The Chevrolet Impala is a big, roomy sedan. While classified as a mid-size sedan, it’s large for that class. Close in size to the Toyota Avalon, it competes with mid-size and full-size cars. Among them: The Ford Taurus, Chrysler 300, Dodge Charger, Honda Accord, Toyota Camry, and Nissan Altima.
We find the Impala’s neat, clean lines pleasing to the eye. Its styling looks contemporary, handsome, and clean. Inside, there’s lots of room, in the front as well as the back seats, and getting in and out is easy. The Impala has a big trunk with a big lid that simplifies loading cargo, and it has a generous capacity. Optional flip-and-fold-forward rear seats are exclusive in its class, and provide not only holding wells for groceries but a flat cargo floor that expands the trunk for long items.
On the road, the Impala is very stable, a nice cruiser. There’s lots of low-end torque from the larger of the two available V6 engines, a 3.9-liter V6 with advanced technologies. Step on the gas and it goes. Given its size, the Impala handles well, and surprisingly so.
There are three trim levels, ranging from a sensible, reliable, and fuel-efficient family sedan to a more luxurious version with commendable performance and a good complement of features, and the two available V6 engines are dependable, responsive and efficient, while delivering ample performance.

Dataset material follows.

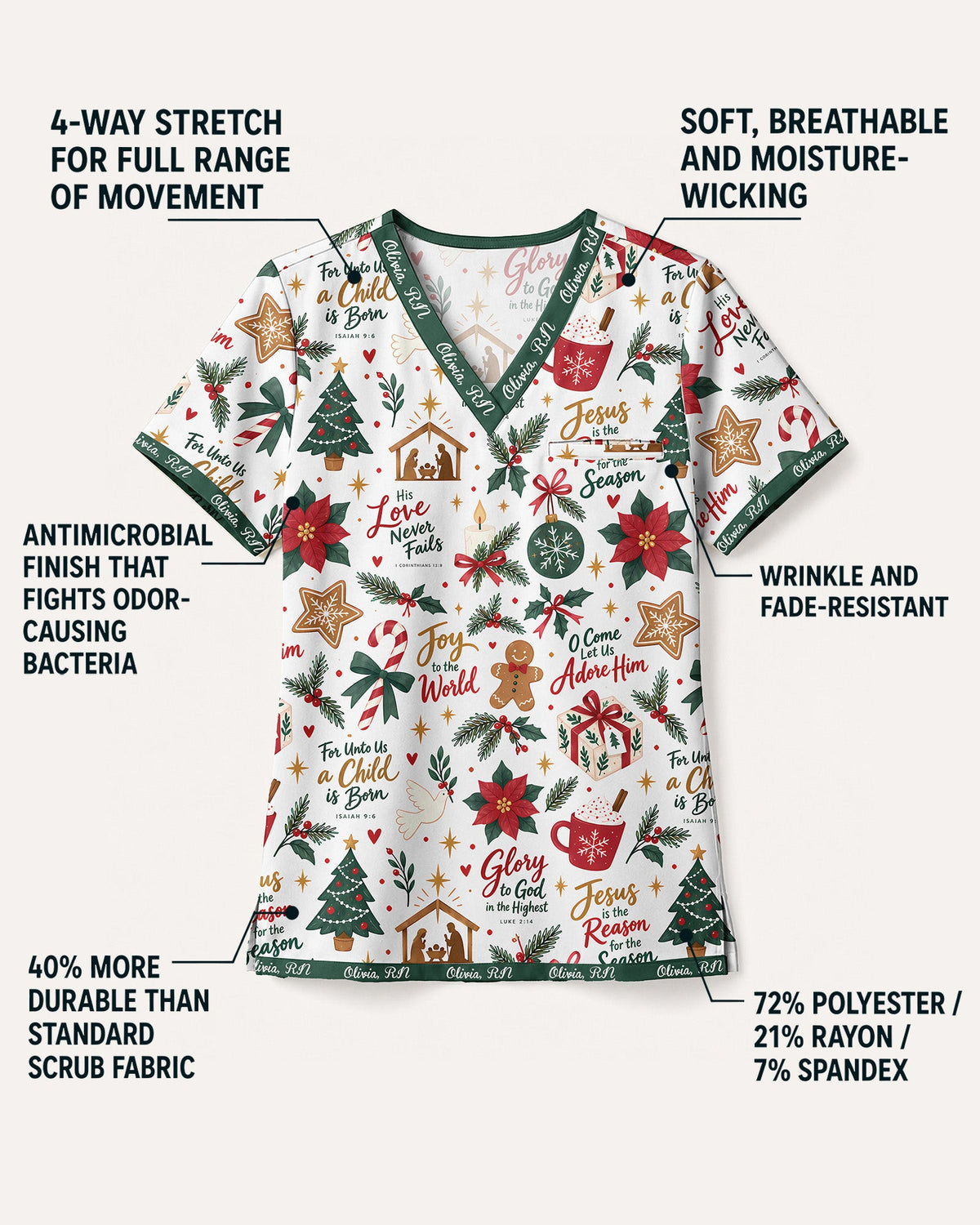 Personalized Text Christmas Things Pattern Gift For Nurse Top - Scrubloop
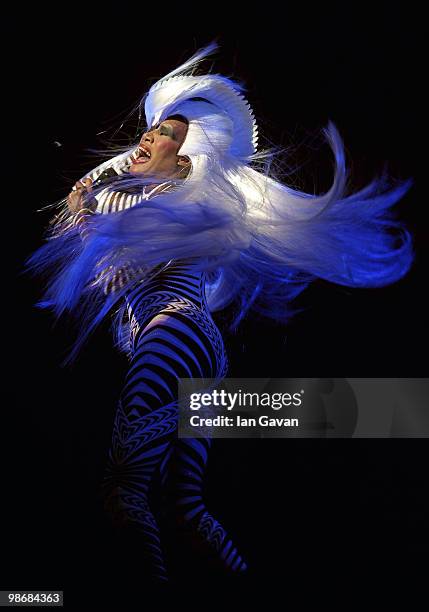 Grace Jones performs live at the Royal Albert Hall on April 26, 2010 in London, England.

The Impala LS comes with a 207-hosepower 3.5-liter V6, a four-speed automatic transmission, cloth upholstery, six-way power driver’s seat, dual-zone air conditioning, power windows, programmable power locks, AM/FM/CD/MP3 audio with six speakers, XM Satellite Radio, OnStar, cruise control, 16-inch steel wheels, a tire-pressure monitor, four-wheel-disc brakes with anti-lock (ABS) and StabiliTrak, which includes the function of traction control.